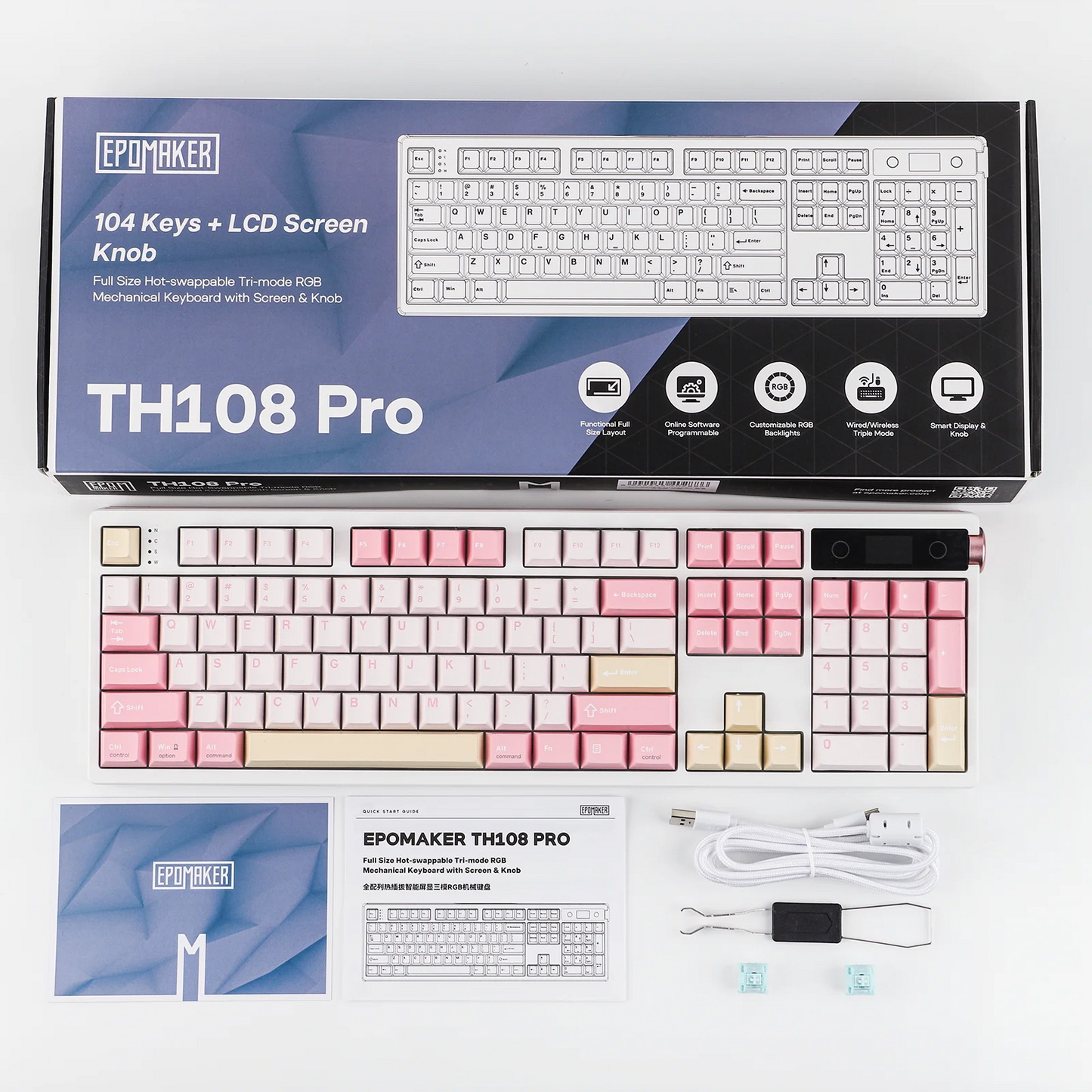 EPOMAKER TH108 PRO 100% Full-Sized Gasket-Mounted Wired/BT/2.4Ghz Wireless Mechanical Keyboard with Screen & Knob RGB Backlight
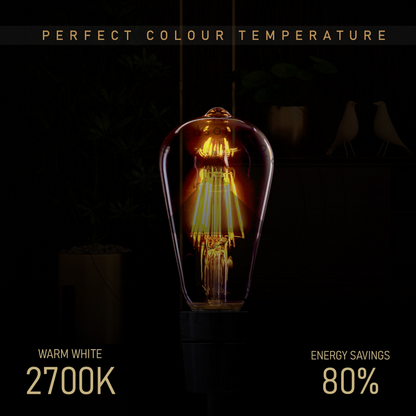 Vintage LED Filament Bulb ST64 Bayonet 8W Dimmable B22 Light Bulb ~3208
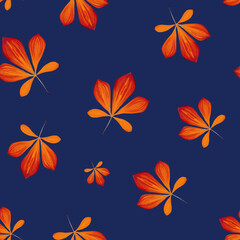 Seamless pattern with chestnut  leaves in Orange, Brown and Yellow isolated on dark blue . Perfect for wallpaper, gift paper, pattern fills, autumn greeting cards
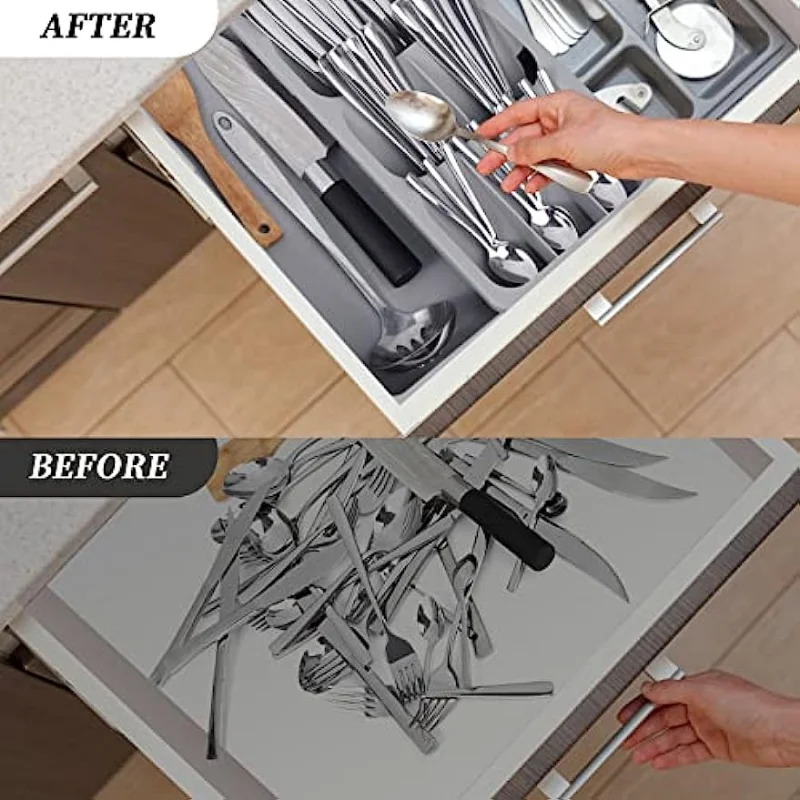 Faridabio Silverware Organizer Storage Tray Cutlery Expandable Organizer for Kitchen Drawer Holding Flatware Spoons Forks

········

Directions:
Each line from the line containing "Vintage LED Filament" through the last line above must be written out exactly, and every picture must be omitted.

Output for this exercise:
 Vintage LED Filament Bulb ST64 Bayonet 8W Dimmable B22 Light Bulb ~3208
 Seamless pattern with chestnut  leaves in Orange, Brown and Yellow isolated on dark blue . Perfect for wallpaper, gift paper, pattern fills, autumn greeting cards
 Faridabio Silverware Organizer Storage Tray Cutlery Expandable Organizer for Kitchen Drawer Holding Flatware Spoons Forks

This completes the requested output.